El aula está llena de Dolores pero también de sonrisas. Casi todas son mujeres y llegan al centro antes que la profesora. No hay pasión pero sí compromiso. Tardan en sentarse. Se cuentan qué han hecho de comer hoy y qué éxito han tenido entre los no siempre agradecidos comensales. Ríen con facilidad, interrumpen, pero se merecen un positivo. Un aula de adultos con esta edad tiene sus peculiaridades. De un vistazo atisbo un par de gafas en cada mesa (de cerca y de lejos); la pastilla de las 18:30, o la de las 19:00; alguna muleta y algún bastón; una silla de ruedas; una chica extranjera y joven que no encontró sitio en clases de integración; un móvil (no es extraño que la hija llame para que la abuela ejerza como tal y se quede con los niños esta tarde o esta noche). Por lo demás, y obviando las vidas y los misterios que me sugieren las mil arrugas que se observan en la clase adultos y cambiando la inquietud palpitante que domina a los niños por la mañana por el trabajo sereno, callado y constante de los viejecitos por la tarde, la clase de primaria y la de adultos tiene el mismo aspecto. Pero lo interesante está en las distancias. El currículum de ambos cursos y los niveles de lecto-escritura y cálculo del que parten es similar. Sin embargo, unos alumnos han vivido 7 u 8 años y otros 70 u 80. Tan cerca y tan lejos.

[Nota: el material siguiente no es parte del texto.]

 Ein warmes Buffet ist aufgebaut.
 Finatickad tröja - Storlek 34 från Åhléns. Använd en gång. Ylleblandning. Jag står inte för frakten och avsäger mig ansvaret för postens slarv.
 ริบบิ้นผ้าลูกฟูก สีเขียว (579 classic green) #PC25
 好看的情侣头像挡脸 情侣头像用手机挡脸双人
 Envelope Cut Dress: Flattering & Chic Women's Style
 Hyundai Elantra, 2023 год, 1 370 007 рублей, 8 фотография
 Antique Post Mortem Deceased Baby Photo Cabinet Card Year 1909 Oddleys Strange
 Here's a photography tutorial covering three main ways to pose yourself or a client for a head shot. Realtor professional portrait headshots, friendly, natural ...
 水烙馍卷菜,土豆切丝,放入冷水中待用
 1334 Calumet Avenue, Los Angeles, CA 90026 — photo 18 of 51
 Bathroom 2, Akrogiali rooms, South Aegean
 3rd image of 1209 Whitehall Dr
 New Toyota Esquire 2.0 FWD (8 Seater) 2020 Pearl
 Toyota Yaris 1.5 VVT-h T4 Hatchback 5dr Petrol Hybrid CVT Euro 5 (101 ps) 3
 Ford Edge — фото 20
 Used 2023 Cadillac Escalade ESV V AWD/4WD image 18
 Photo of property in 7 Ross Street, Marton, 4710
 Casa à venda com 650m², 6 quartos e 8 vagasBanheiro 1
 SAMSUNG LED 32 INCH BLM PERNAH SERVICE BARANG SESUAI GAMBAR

No espero encontrar ni un sólo Ministro de educación dispuesto a considerar mi descabellada reflexión. Dudo que entre la densa burocracia en la que vive un director de centro educativo pueda colarse la posibilidad de debatir sobre la (para mí, evidente) posibilidad educativa que he observado estos días. Dolores no oye bien, pero Manolito (trasunto de un imaginable niño de primaria) oye, desde la esquina de su pupitre, hasta las bromas que Pepito le hace a Juanito en voz baja al otro lado del aula. Manolito no para quieto, pero Dolores a duras penas se levanta de la silla para entregar las últimas restas a doña Carmen. Manolito no entiende qué es el barbecho, pero Dolores se ha pasado la vida aprovechando sus pequeñas extensiones de tierra o las de otros para cultivar en su tiempo y forma los alimentos que han criado a sus 4 hijos. Manolito necesita tiempo y atención y se siente solo. Dolores necesita vivir su efímero tiempo y se siente sola. No aspiro a revisar todo el sistema educativo, que buena falta le hace, pero sí a preguntarme: ¿por qué un niño de primaria no puede aprender junto a una señora de 70 años?, ¿por qué una señora de 70 años no puede poner su experiencia vital al servicio de su propio aprendizaje y al de la enseñanza de niños de primaria?, ¿por qué no puede un niño de primaria aportar su energía y curiosidad al proceso de aprendizaje de un anciano?, ¿por qué se necesitan tanto, trabajan en el mismo aula, tienen la misma disposición, pero unos aprenden por la mañana y otros por la tarde?

Hacerse viejo puede ser tremendamente útil para otros. Pero nosotros, los no viejos, creemos que con no dejarlos a su suerte, abandonados y al margen de oportunidades recreativas como las excursiones, los programas educativos de alfabetización, facilitarles el acceso al bingo y alguna que otra modalidad piadosa, ya estamos siendo generosos. Me parece un derroche de recursos incalculablemente estúpido. Es un desprecio insoportablemente injusto.